AlphaZero Chess Engine

A complete implementation of the AlphaZero algorithm for chess using PyTorch, featuring:

Monte Carlo Tree Search (MCTS) with PUCT
Deep neural network with residual architecture
Self-play training pipeline
Model evaluation arena

Project Structure

chesshacks/
├── config.py                      # Configuration and hyperparameters
├── chess_board.py                 # Chess game rules and move generation
├── encoder_decoder.py             # Board encoding/decoding for neural network
├── alpha_net.py                   # AlphaGoZero neural network (19 residual blocks)
├── MCTS_chess.py                  # Monte Carlo Tree Search with PUCT
├── train.py                       # Neural network training
├── train_multiprocessing.py       # Parallel self-play training
├── evaluator.py                   # Model evaluation arena
├── pipeline.py                    # Full training pipeline orchestrator
├── requirements.txt               # Python dependencies
└── README.md                      # This file

Components

1. Chess Board (`chess_board.py`)

Complete chess rules implementation using python-chess library
Move generation and validation
Game state management
Board encoding utilities

2. Encoder/Decoder (`encoder_decoder.py`)

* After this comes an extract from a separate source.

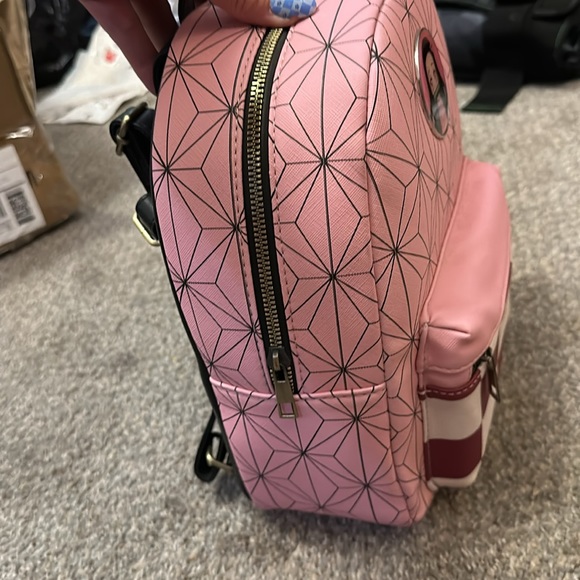 Brand New Demon slayer Mini Bookbag main image 4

Encodes board state into 18-plane tensor representation:
- 12 planes for pieces (6 types × 2 colors)
- 2 planes for castling rights
- 2 planes for en passant
- 1 plane for turn color
- 1 plane for move count
Converts between chess moves and neural network outputs
Policy vector creation and decoding

3. Neural Network (`alpha_net.py`)

AlphaGoZero architecture with:

Input: 18×8×8 board representation
Architecture:
- Initial convolutional block (batch norm + ReLU)
- 19 residual blocks (each with 2 conv layers)
- 256 convolutional filters throughout
Output Heads:
- Policy head: 4096-dimensional move probabilities (log softmax)
- Value head: Position evaluation in range [-1, 1] (tanh)

4. MCTS (`MCTS_chess.py`)

Monte Carlo Tree Search implementation featuring:

PUCT (Polynomial Upper Confidence Trees) for node selection
Dirichlet noise for root exploration
Neural network guided search
Self-play game generation

5. Training (`train.py`)

PyTorch training loop with mixed loss (policy + value)
KL divergence loss for policy
MSE loss for value
Adam optimizer with weight decay
Batch training with data loader

6. Multiprocessing (`train_multiprocessing.py`)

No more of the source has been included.